Maathai wants debts cancelled
Author: Mike Mwaniki & Nyabonyi Kazungu
Date: January 23, 2007
Type of article: News
Source: The Daily Nation - only available online by registration and paid subscription fee
Nobel laureate Wangari Maathai yesterday renewed her call for Western countries to write-off debts totalling billions of shillings owed by Kenya and other poor nations.
Prof Maathai urged church leaders to spearhead the cancellation of the debts by G-8 countries.
“As the church, we have a moral duty to stand up and raise our voices to the G-8 countries by reminding the leaders of those rich nations that the debts are illegitimate,” she said.
Prof Maathai stated: “The debt crisis remains one of the key obstacles to fighting poverty in the African continent, as well as in Asia and Latin America.”
According to experts, Kenya has repaid more than Sh3.5 trillion for the Sh1.1 trillion originally borrowed from external creditors.
During the 2005/2006 Budget, for example, the Finance ministry proposed that Sh112 billion be spent on servicing the debt.
Prof Maathai said: “If the illegitimate debt is to be cancelled, churches, civil society organisations and parliamentarians will need to put increased pressure on leaders in the North and in the South to do so.”
But Bishop Martin Kivuva of the Catholic Church said that people should not call for debt cancellation in a country where there was no justice.
“As we lobby donor countries to cancel Kenya’s debt, government officials should be transparent on how they spend public money,” the Machakos bishop told the ecumenical forum.
“The Western participants at the WSF were trying to push their governments to have policies friendly to the poor people of Africa to remove conditionalities which hurt poor workers,” he said.

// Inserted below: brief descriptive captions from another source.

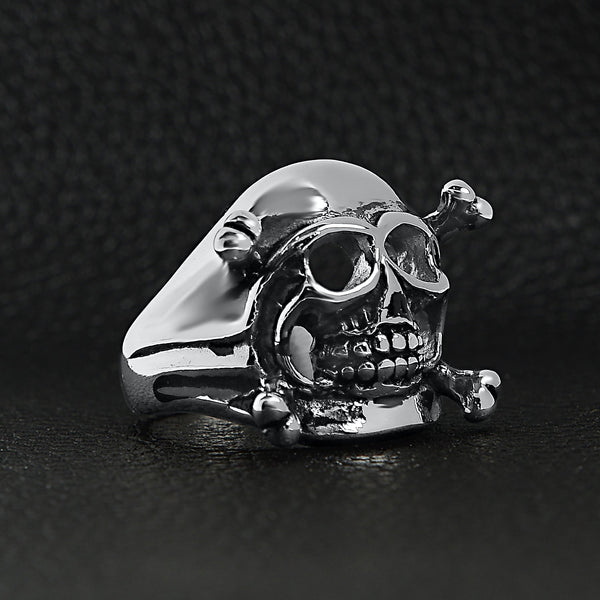Stainless steel skull and crossbones ring angled on a black leather background.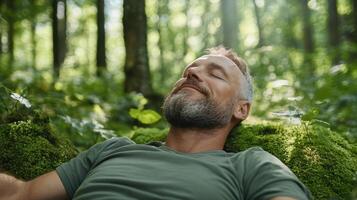 A man with a beard and green shirt is lying on a moss covered forest floor photo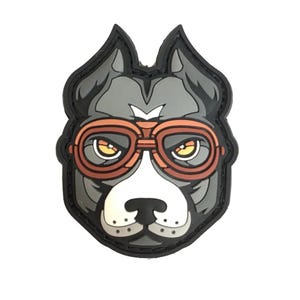 以下が含まれることがあります： 黒と灰色の漫画の犬が茶色のゴーグルをかけています。犬の目は黄色で、ゴーグルは赤いフレームです。
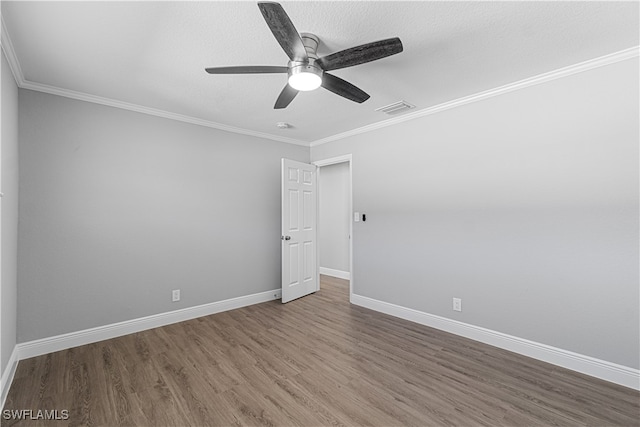 unfurnished room featuring a textured ceiling, hardwood / wood-style flooring, ceiling fan, and crown molding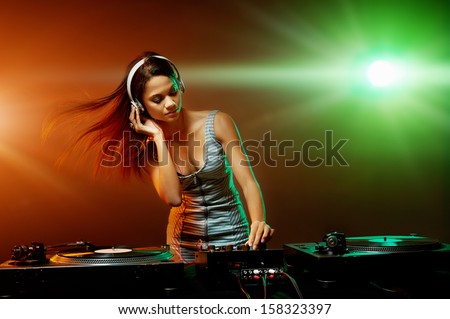 Real Woman Dj Playing Music At Party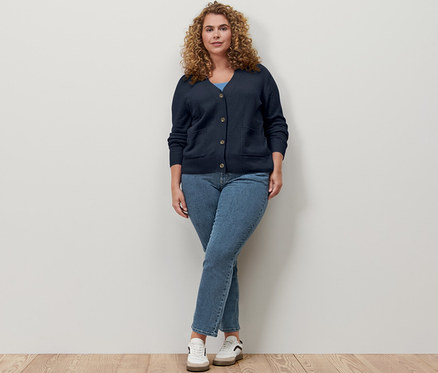 Eine Frau lehnt an einer Wand und trägt eine dunkelblaue Strickjacke mit Wolle und eine Strickjacke.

Social development Elsewhere, Culture and Sports minister Maina Kamanda said Unesco in collaboration with ministers of social development was exploring the possibility of establishing a forum to serve as a platform for dialogue and exchange of ideas among implementers of social development policy at regional and international levels.
He was speaking during the opening session of inter-regional social development stakeholders meeting at the Windsor Golf and Country Hotel.